The first is the assumption inside Downing Street that a lower ambition on trade would push the EU into “a zone of possible agreement” by lowering the EU’s expectations for commitments on state aid. The problem for No10 is that the EU27 made up their mind about the need for “robust level playing field guarantees” three years ago and have clear expectations from Britain if it wants to have preferential access to their lucrative single market of 450 million customers. Michel Barnier is in a difficult position now as he threads a thin line between finding a compromise with London and appeasing high expectations of key member-states. Indeed, they are already concerns among several EU states that Mr Barnier is “too soft” towards the UK.

The best outcome the prime minister and his advisors can wish for is to push Brussels away from its insistence that EU rules are to be used as a reference point for judging future divergence. The middle ground could be found if the prime minister offered more clarity on its post-Brexit state-aid regime. EU officials, even at the risk of upsetting more hardline member-states, are now indicating that they could drop their initial ask for the UK to follow the bloc’s state-aid rules for a less stringent alternative, if the UK can show a robust domestic system with an independent domestic regulator. But EU officials are privately clear that they won’t be able to moderate the demands of member-states with anything less than that. It would be a mistake for Downing Street to believe that Britain could have the complete free-for-all on state aid. The deal, in the EU’s eyes, is possible only if both sides bind mutual trust through clear and enforceable rules. It is an act of oversight, not a calculated strategy, to believe otherwise.

If it miscalculates now, the UK will find itself forced to choose between a thin deal on the EU’s terms and no deal

Worse, this strategy will put the UK in a very hard position in the endgame of the negotiation. If there is one lesson that the prime minister and his advisors ought to learn from the tortuous saga of the Brexit years, it is that Brussels excels at dominating the process. It will shy away from making any big concessions until the clock runs out. Then, when it confronts the prime minister with an oven-ready treaty text prepared in advance by EU lawyers, Boris Johnson will find himself facing a stark choice between accepting a bare-bones trade deal—asking the UK to commit to rules on state-aid but without any quid pro quo on the UK’s offensive interests—and a disruptive no-deal. Having abandoned his offensive asks by that point, he will have little bargaining power at that crucial phase of the negotiation.

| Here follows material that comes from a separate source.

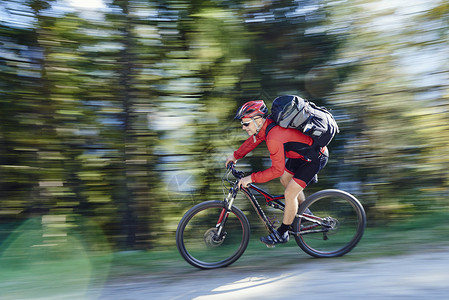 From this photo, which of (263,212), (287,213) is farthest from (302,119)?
(263,212)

Facing this difficult choice before the covid-19 crisis struck, the government may well have opted for no-deal. However, with the economy in a deep recession and the pandemic here to stay, the political pressure to press on with a deal on the table would be immense. Rejecting even a thin deal for significant economic disruption would hardly be a patriotic decision protecting the UK’s long-term interests. Rather, it would expose a clear failure of the UK’s negotiating strategy and call into question the government’s general competence. Boris Johnson needs a deal, even a bad one.

If the prime minister wants to avoid this dire prospect, a more sensible strategy would be for him to take a more forward-leaning stance on its ‘level playing field’ offer, particularly by setting out details of its post-Brexit state-aid regime. In return, the prime minister could then seek concessions for the UK’s offensive interests on services trade and fisheries. If he pulls this act and comes back from Brussels with the grand bargain, he can demonstrate to his cabinet and parliamentary party that the deal is worth the cost.

Whatever happens, Mr Johnson will be keen to salvage a deal. But if he makes ill-considered choices now, he will be caught in a self-imposed trap in the endgame. He might want to dress it up as an inevitable consequence of the torturous negotiations. But it will be nothing less than a consequence of the government’s own muddled decisions.